The US embassy in Dar es Saleem said in a statement on Thursday that it was aware of a “significant increase in the number of Covid-19 cases since January”.

 

Anecdotal evidence also suggests much higher numbers than reflected in official statistics in neighbouring Zimbabwe, which has officially recorded 35,000 cases and 1,364 cases.

Gravediggers and undertakers in Harare’s Warren Hills cemetery, however, describe an unprecedented number of deaths.

Ewing Ishemunyoro said he had been digging six graves a day since January, three times the previous average. “It is clear the authorities do not want people to know that there are more Covid burials, but it is happening and we see that every day,” he said.

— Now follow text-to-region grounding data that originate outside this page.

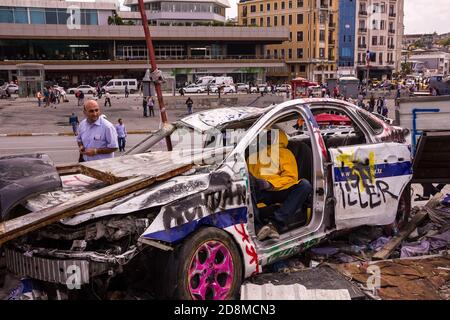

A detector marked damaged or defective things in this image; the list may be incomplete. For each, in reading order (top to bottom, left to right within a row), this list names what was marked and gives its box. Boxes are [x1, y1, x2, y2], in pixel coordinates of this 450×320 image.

wrecked car [1, 99, 418, 298]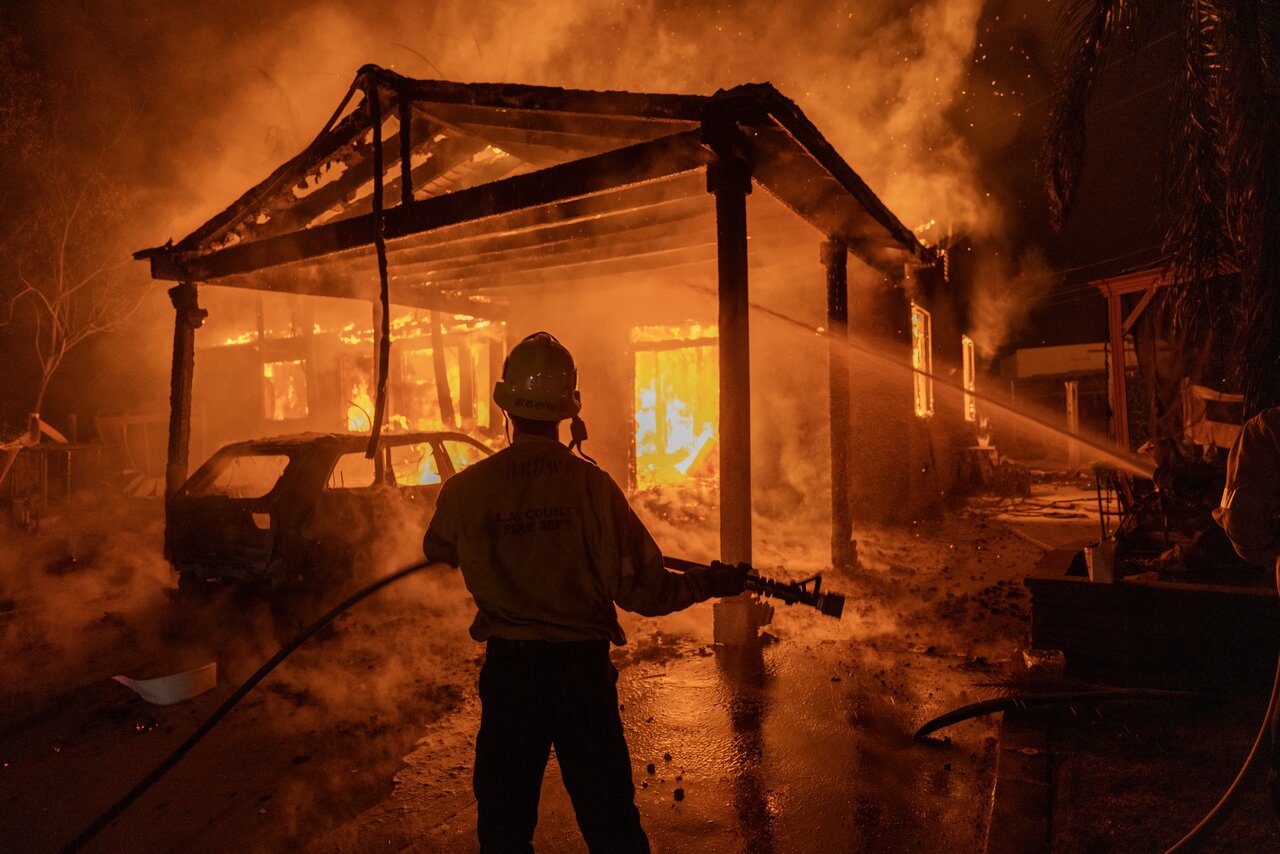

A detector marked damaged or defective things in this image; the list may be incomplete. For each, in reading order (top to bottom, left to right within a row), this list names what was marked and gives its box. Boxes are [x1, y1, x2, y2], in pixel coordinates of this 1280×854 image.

burned car [167, 430, 491, 591]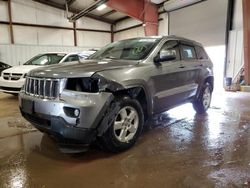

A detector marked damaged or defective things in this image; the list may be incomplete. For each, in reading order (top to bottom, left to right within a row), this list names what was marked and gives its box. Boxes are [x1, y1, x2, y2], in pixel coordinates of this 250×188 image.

crumpled hood [29, 59, 139, 78]
damaged front bumper [19, 89, 114, 153]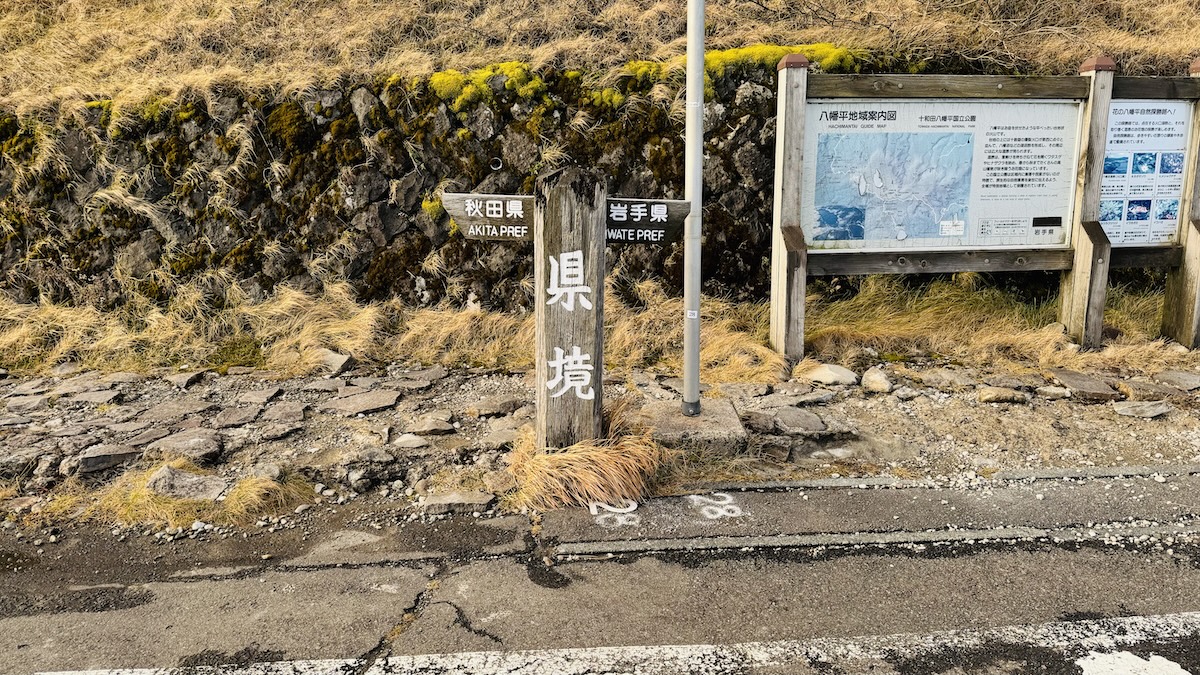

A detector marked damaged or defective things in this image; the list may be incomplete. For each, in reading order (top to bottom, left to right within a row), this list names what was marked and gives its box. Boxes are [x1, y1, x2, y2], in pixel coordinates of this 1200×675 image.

cracked asphalt [7, 473, 1200, 672]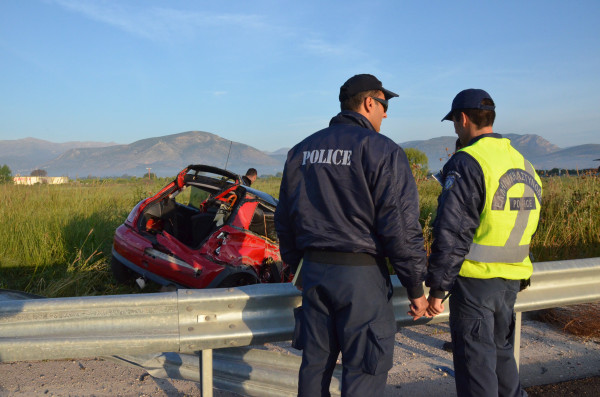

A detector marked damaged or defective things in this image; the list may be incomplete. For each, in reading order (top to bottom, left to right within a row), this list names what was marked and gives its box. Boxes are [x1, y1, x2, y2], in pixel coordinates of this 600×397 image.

crashed red car [112, 164, 290, 288]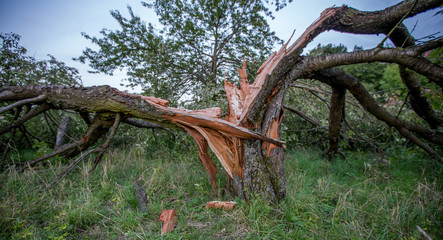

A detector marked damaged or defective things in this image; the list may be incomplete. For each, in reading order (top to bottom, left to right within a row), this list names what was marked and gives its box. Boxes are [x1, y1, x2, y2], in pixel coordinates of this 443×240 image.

broken wood fragment [159, 208, 178, 234]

Only a handful of African countries believe they will be able to immunise their frontline health workers over coming months, and the vaccination of general populations may not be completed for several years, leaving hundreds of millions of people vulnerable.

African health facilities have struggled to cope with the second wave of infections across much of the continent, fuelled by new variants of the virus. Two-thirds of the 21 countries the WHO surveyed reported inadequate critical care capacity and more reported a shortage of oxygen in recent months.

The WHO’s regional director for Africa, Dr Matshidiso Moeti, said last week: “The increasing deaths from Covid-19 we are seeing are tragic, but are also disturbing warning signs that health workers and health systems in Africa are dangerously overstretched.”

The WHO said it had repeatedly made clear that their statistics for the continent showed reported cases and that only seroprevalence studies could reveal the actual burden.

“It is important that we do not allow pre-conceived biases about Africa to cloud our understanding of what is happening in the region.

“Transmission and mortality are lower than what we see in other hard-hit countries, but the fragility of health systems necessitates a strong response. We have no evidence to the contrary.”